Sung-Sun nodded. "That was over fifty years ago, about when I came into your service back when you held the rank of Segunda. I remember that I had asked about your periodic absences with Nelliel-sama, and you told me that the two of you were watching over prisoners. I just never thought that one of them would be someone like him. Well, considering who the other one was…"

"Indeed. He had been captured after receiving irreversible damage to his mask and imprisoned along with Starrk until the day that Aizen possessed the Hougyoku. It was a plan to preserve them so that he could turn them into soldiers surpassing the definition of an Espada. Unfortunately, neither case succeeded. Grimmjow was incapable of evolving, and I was recently informed that his hybridization was somewhat immature, further weakening him. Then, Starrk's previous form was released into the desert and urged to feed in order to become a Vasto Lorde."

"But once he evolved, he wandered the surface, later tearing off his own mask and making it into Lily-chan. By doing that, he changed into a natural Arrancar like us," Sung-Sun relayed from memory. This part of the story was familiar to her.

"It's frightening that he remained more powerful than Baraggan, isn't it?"

Sung-Sun agreed and paused, knitting her eyebrows together. "You never asked why I wanted to know any of this."

Harribel chuckled lightly. "I never had to.
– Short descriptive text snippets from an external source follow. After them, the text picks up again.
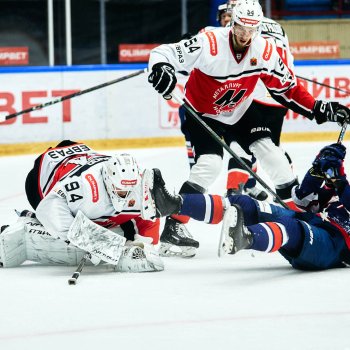 На равных с лидерами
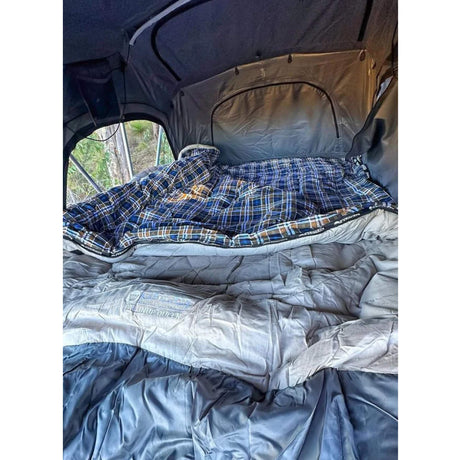 WILDTRAK Wildtrak Pallinup Queen Comfort Sleeping Bag 0-5°C Grey - Image 2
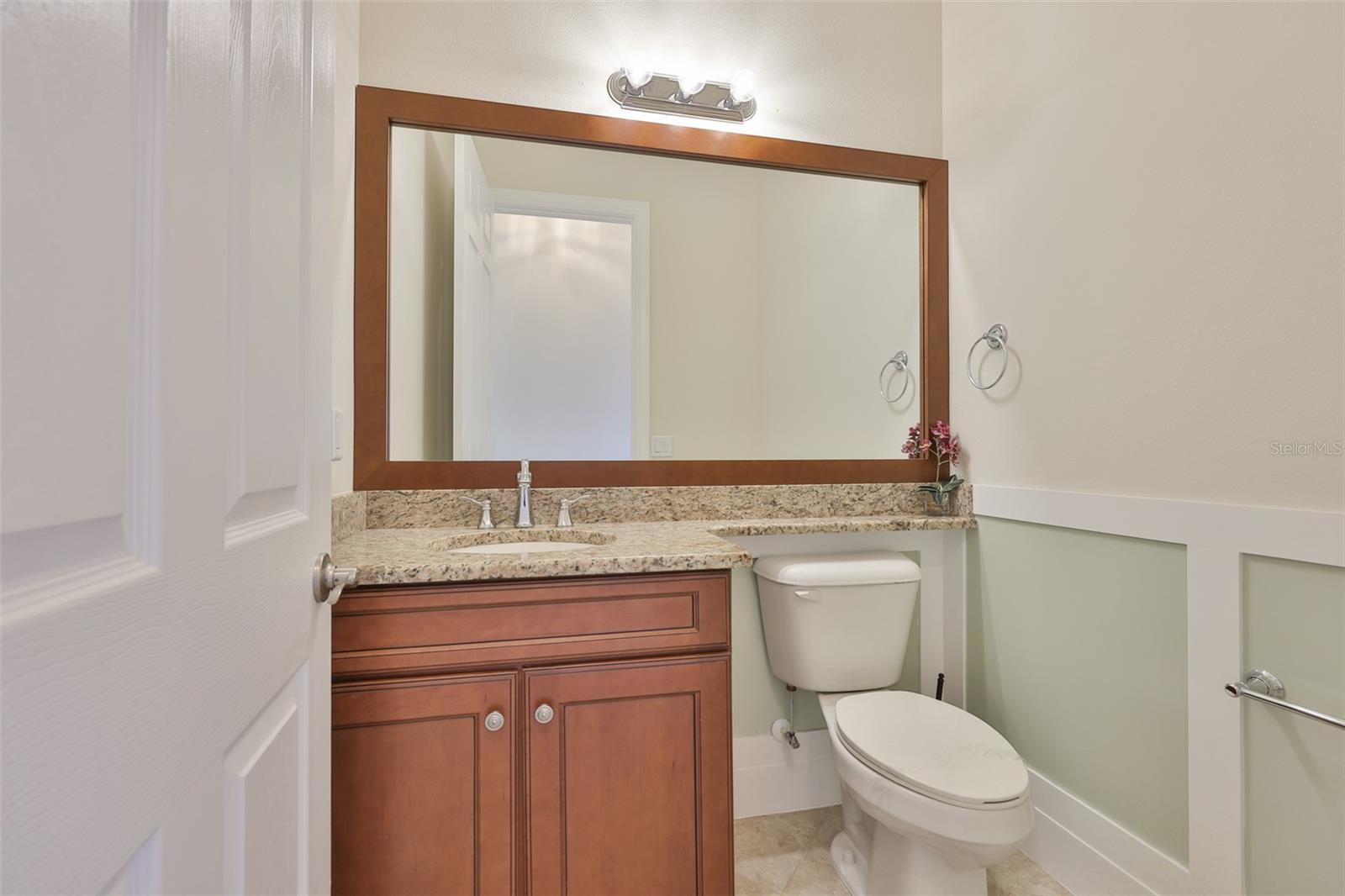 Listing photo id 41 for 5073 Stone Harbor Cir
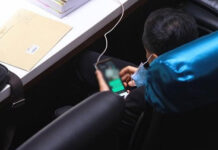 పార్లమెంటులో నీలి చిత్రాలు చూస్తున్న ఎంపీ…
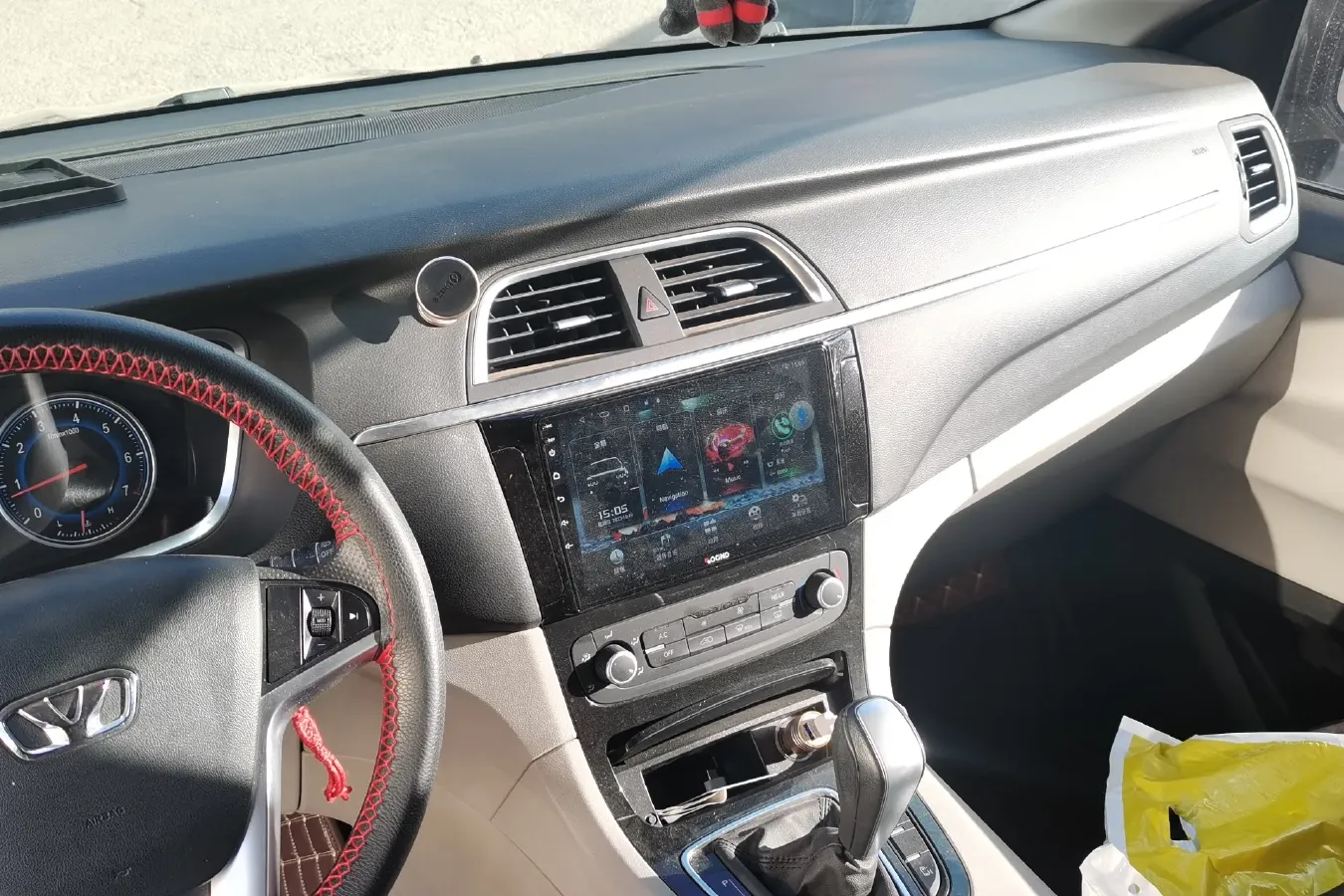 2015 HuaSong 7 2.0T 184HP L4 6AT,autocango,china used car exporter,china ev exporter,chinese used car exporter,chinese used ev exporter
Despite his disposition as my inferior officer, I continue to acknowledge Grimmjow's presence as greater than mine. Do you know why? Because only his claws have dulled since his days as king of the forest. He is still the kind of man that could raise an army while he slept and light the sky on fire with his tongue. It's not unnatural to want to learn more about him."

"By that same logic, would I be over-stepping my bounds if I desired your permission to meet with him?"

The Espada made a noise somewhere in between concern and caution. "You are not my slave, Sung-Sun. You may do as you wish, but I won't be there to prevent him from harming you," she admonished. "Even now, I can't face him after playing a part in stripping him of his pride."

"Perhaps I can act in your interest then."

"If there is no way that I can dissuade you."

Sung-Sun smiled. "You're leniency will be your undoing, Mistress. However, I'm certain that Nelliel-sama, wherever she's gone off to, is very proud of you."

Harribel's mirth grew from behind her mask fragment. "Mi amor would tell me there's nothing to worry about, I'm sure. She had made kin out of all of us before she left." Her aquamarine orbs shimmered in remembrance. "Very well, you may go once you pour the tea."

Standing up from her seat, Sung-Sun bowed graciously and quickly set off to fulfill her superior's wishes.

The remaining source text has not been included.